*** Data section Section Begins ***

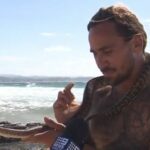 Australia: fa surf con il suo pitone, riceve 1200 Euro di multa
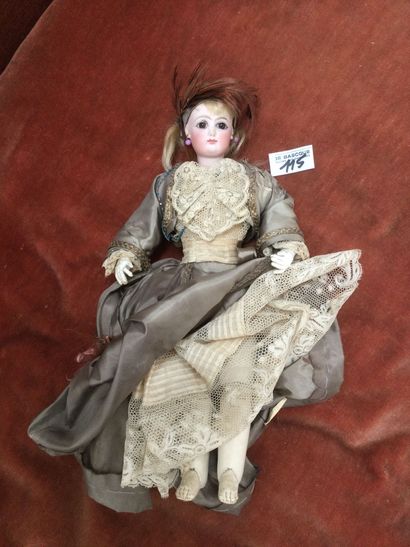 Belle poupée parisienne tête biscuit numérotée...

*** Data section Section Ends ***
*** Data section Section Begins ***

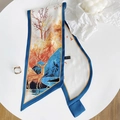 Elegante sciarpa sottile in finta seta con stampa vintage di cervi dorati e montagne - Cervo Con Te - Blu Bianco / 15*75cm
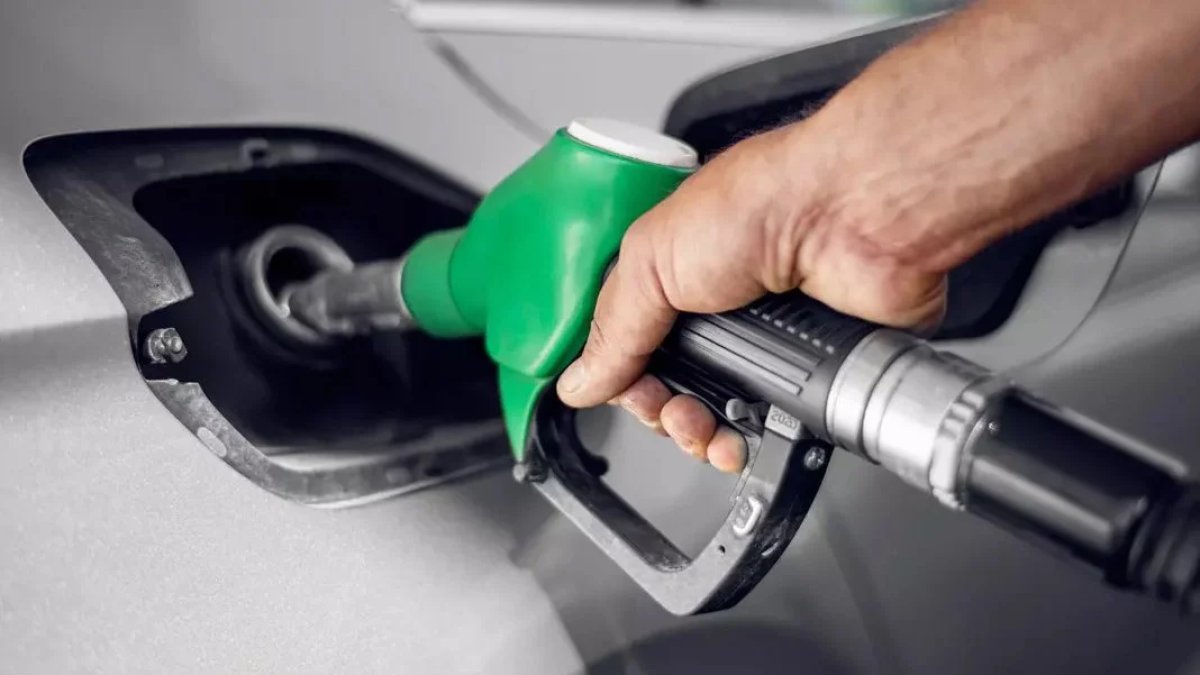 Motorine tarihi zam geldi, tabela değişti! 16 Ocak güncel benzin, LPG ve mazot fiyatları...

*** Data section Section Ends ***

- _Problem description_: Here the job is to copy the stretch of records from the line containing "Australia: fa surf" through the line containing "Belle poupée parisienne", word for word. Leave every picture out.

- _Task answer_:
 Australia: fa surf con il suo pitone, riceve 1200 Euro di multa
 Belle poupée parisienne tête biscuit numérotée...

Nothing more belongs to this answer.